Sejarah penjajahan tersebut berlangsung sampai sekarang jejaknya dalam bentuk penjajahan baru, dengan menguasai perkebunan, hutan, pertanian luas oleh perusahaan multi nasional di negara negara miskin, untuk memproduksi bahan pangan, seperti jagung, kentang, kedelai, gandum, kelapa sawit, karet, dan kapas di berbagai negara. Hal itu dilakukan dengan mengeksploitasi alam, sekaligus meninggalkan kerusakan alam, akibat pencemaran lingkungan, kerusakanlingkungan, dan merusak kesehatan masyarakat.

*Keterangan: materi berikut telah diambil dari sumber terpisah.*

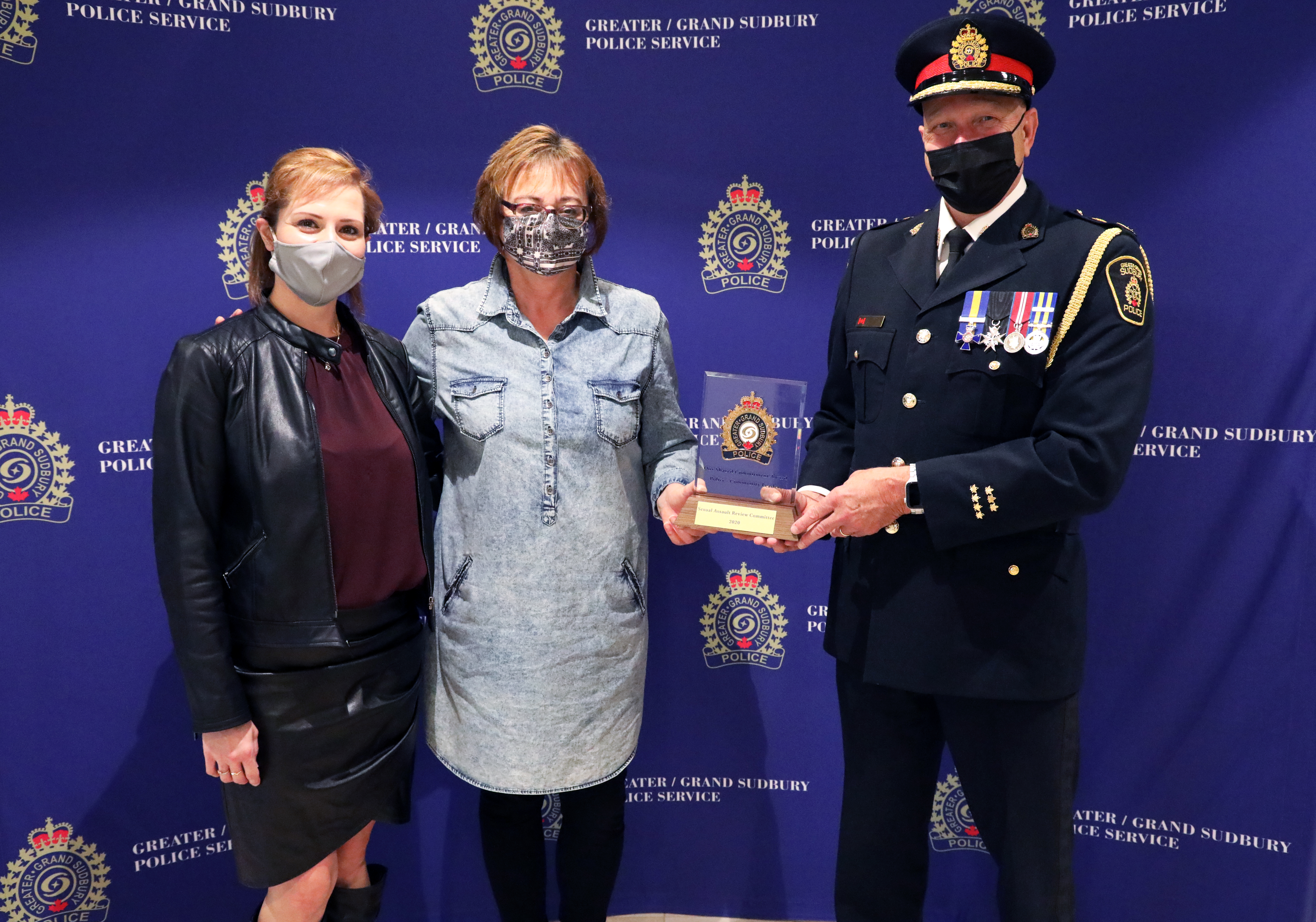 women standing with chief of police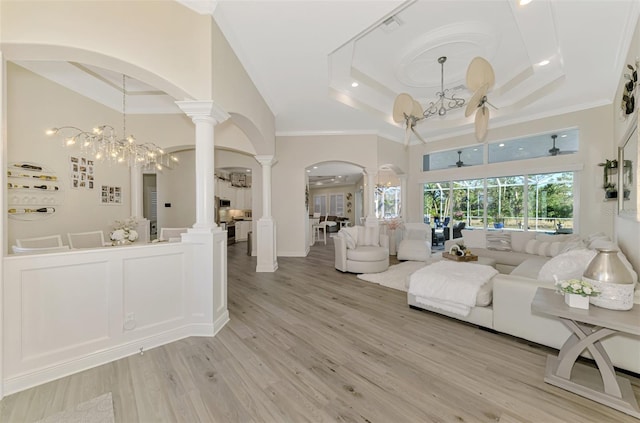 living room featuring crown molding, a raised ceiling, light hardwood / wood-style floors, and ornate columns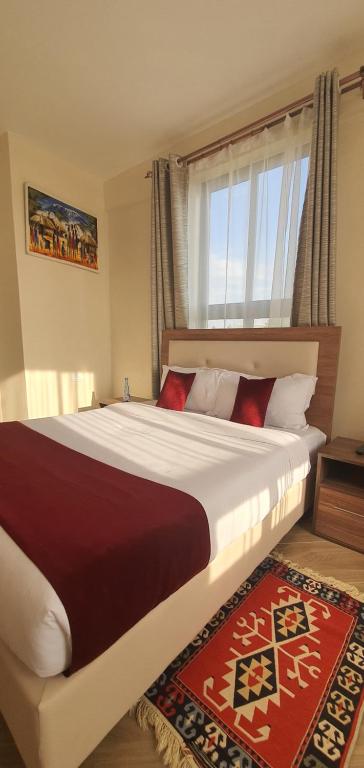 Un dormitorio con una cama grande con ventana. en Walabi Mara Hotel, en Narok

“Belajar dari kesalahan eksploitasi alam dengan teknologi kimia, penguasaan kapital dalam pertanian, eksploitasi tanah dan bibit, penggunaan pupuk kimia dan pestisida berlebih, membuat produk pertanian berbiaya tinggi, masyarakat modern dipaksa dengan iklan untuk mengkonsumsi hasil eksploitasi produksi tanaman pangan, seperti jagung, kentang, kedelae, yang mereka tidak tahu dimana dan bagaimana proses produksinya, apakah menyehatkan atau menyakitkan, tapi rasanya enak, karena memakai bahan perasa, tahan lama karena memakai bahan pengawet,” tutur Dr. Wididana.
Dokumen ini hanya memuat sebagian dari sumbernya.